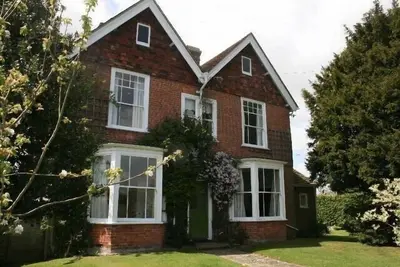 Image de Large, private beautiful house with tennis court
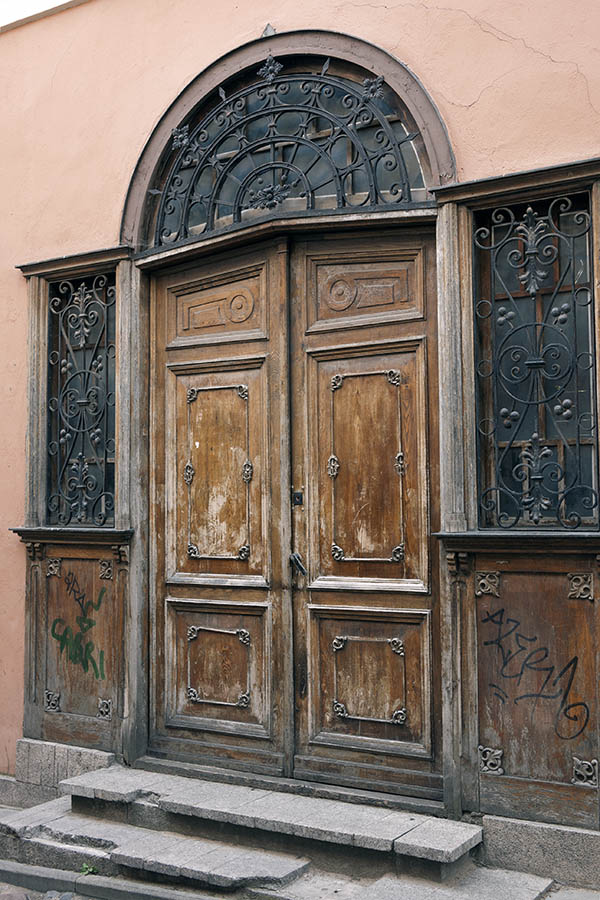 Photo 13132: Panelled, carved, formed, lacquered double door with sidepieces and latticed fan light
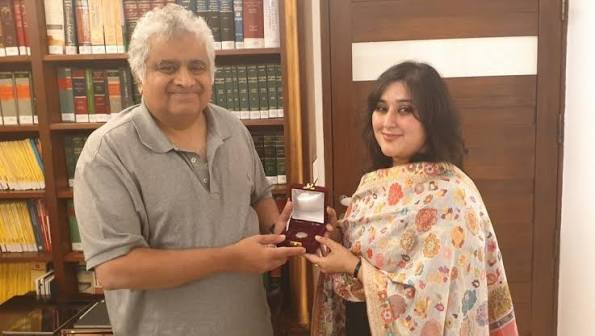 akhileshsharma1's tweet photo. He charged only one rupee. Just minutes before her fatal cardiac arrest, former External Affairs Minister Sushma Swaraj had called him to collect the symbolic fee. After her passing, her daughter, Bansuri Swaraj, met him and presented a one-rupee coin-fulfilling her mother’s final wish.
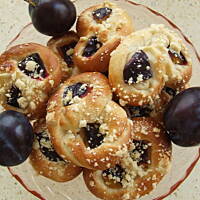 Drożdżowe okulary ze śliwkami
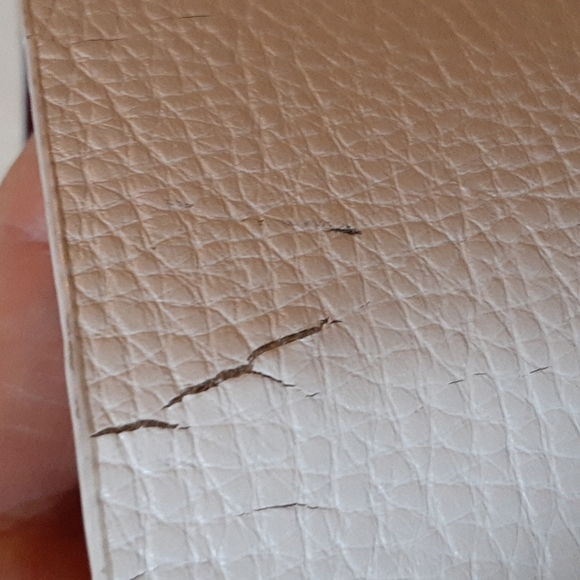 Kate Spade large white tote. - Picture 6 of 6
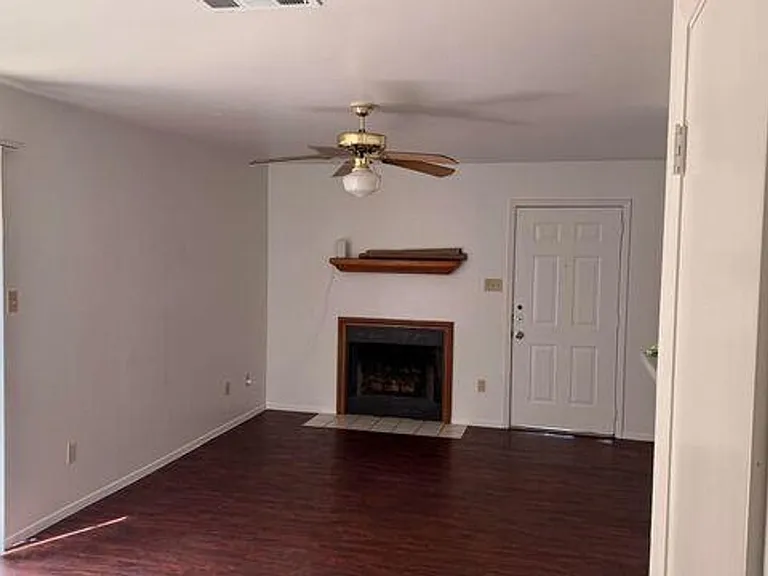 2203 Creekside Ln — Photo 7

-------------------------

- _BRIEF_: Find "akhileshsharma1's tweet photo." in the entries, then reproduce that line and each line after it exactly, through the last one. Pictures do not go in.

- _RESULT FOR THIS EXERCISE_:
 akhileshsharma1's tweet photo. He charged only one rupee. Just minutes before her fatal cardiac arrest, former External Affairs Minister Sushma Swaraj had called him to collect the symbolic fee. After her passing, her daughter, Bansuri Swaraj, met him and presented a one-rupee coin-fulfilling her mother’s final wish.
 Drożdżowe okulary ze śliwkami
 Kate Spade large white tote. - Picture 6 of 6
 2203 Creekside Ln — Photo 7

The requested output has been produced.